Il funambolo evaso dal Beccaria: nei guai tre guardie carcerarie

Accusati di scarsa vigilanza. Ma il cancello non doveva esserci di MARINELLA ROSSI

La distribuzione del pane al Beccaria

La distribuzione del pane al Beccaria

Milano, 22 dicembre 2015 - È come Fantomas, volatilizzato. Dell’albanese volato su e giù da otto-nove metri di muro di cinta non c’è traccia. A terra, e inguagliate, restano le guardie. Accusate, o meglio, deferite al Consiglio distrettuale di disciplina, organismo disciplinare mediano (appena sotto il consiglio centrale) per procurata evasione. Certo, i tre agenti, gli unici che nella mattina di domenica avevano in carico ogni movimento dentro l’istituto penale minorile Cesare Beccaria, non son sospettati di aver procurato volontariamente l’evasione del giovanissismo uomo ragno, ma rispondono della colpa di non aver sufficientemente e accuratamente vigilato. Volano gli stracci, e si perdoni la formula frusta, al Beccaria. Dopo che nella domenica di sole, tra le 9 e 15 e le 10, dei dodici detenuti accompagnati all’ora d’aria in uno dei “passeggi” del carcere minorile, si è volatilizzato uno.

E deferiti con un provvedimento della dirigente del Consiglio di giustizia minorile, Flavia Croce, sono il capoposto di turno, la guardia che ha fisicamente accompagnato i ragazzi all’ora d’aria, e la cosiddetta “disponibile”, l’agente messo cioè a rimpiazzo eventuale per emergenze. Tre per otto ore, sui quarantacinque che complessivamente gestiscono tutti i turni sulle ventiquattro ore, e tre che dovevano accompagnare ai “passeggi”, alla messa, in infermeria, alle attività.

Di quei tre uno solo era nel cortile a cielo aperto, dove una telecamera (delle dodici esistenti non ne funzionano quattro, di cui due sono sull’ingresso di via Calchi Taeggi) rivela ora i movimenti dei dodici ragazzi e, in particolare, i movimenti di L.R., l’albanese diciassettenne, al Beccaria da due mesi per droga. Lo si vede avvicinarsi lungo il muro, mentre gli altri distraggono con finte liti e schiamazzi la guardia, quindi finire risucchiato nell’angolo cieco della telecamera e che corrisponde alla fine del muro e all’inizio di quel cancello, che là non ci dovrebbe essere. Là che L.R. scompare. La sua unica via di fuga, salito da lì, è percorrere i muri di cinta fino al tetto della palestra da cui può essersi calato a terra - terreno morbido, vegetazione, campi coltivati di via Zurigo. Dove probabilmente c’è chi lo aspetta e lo aiuta ad attutire la caduta.

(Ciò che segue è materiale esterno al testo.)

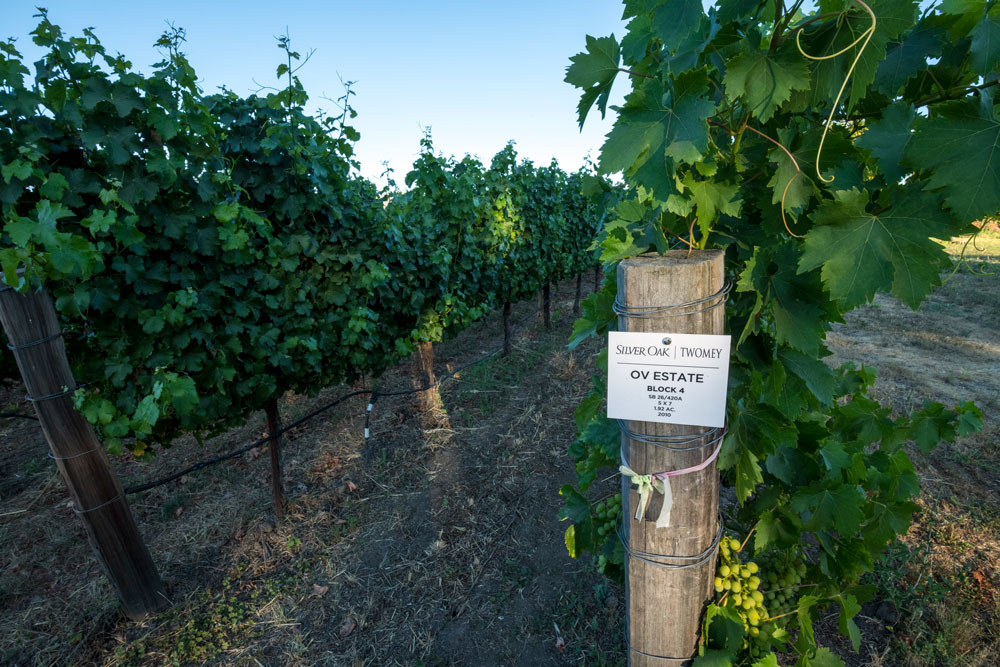 Vineyard block signage at Oakville Estate Vineyard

Il cancello, allora, dove L.R. si arrampica senza difficoltà: è stato “ritagliato” circa quattro anni fa dal muro per consentire ai camion della ditta di ristrutturazioni di entrare e uscire. Ma la ristrutturazione è ferma, gli operai se ne sono andati, la ditta fallita e una nuova gara d’appalto non ancora indetta (e questa è un’altra storia). Le guardie ne denunciano la criticità di quel cancello (e di altre) con 39 relazioni di servizio. Ma non una è stata ascoltata.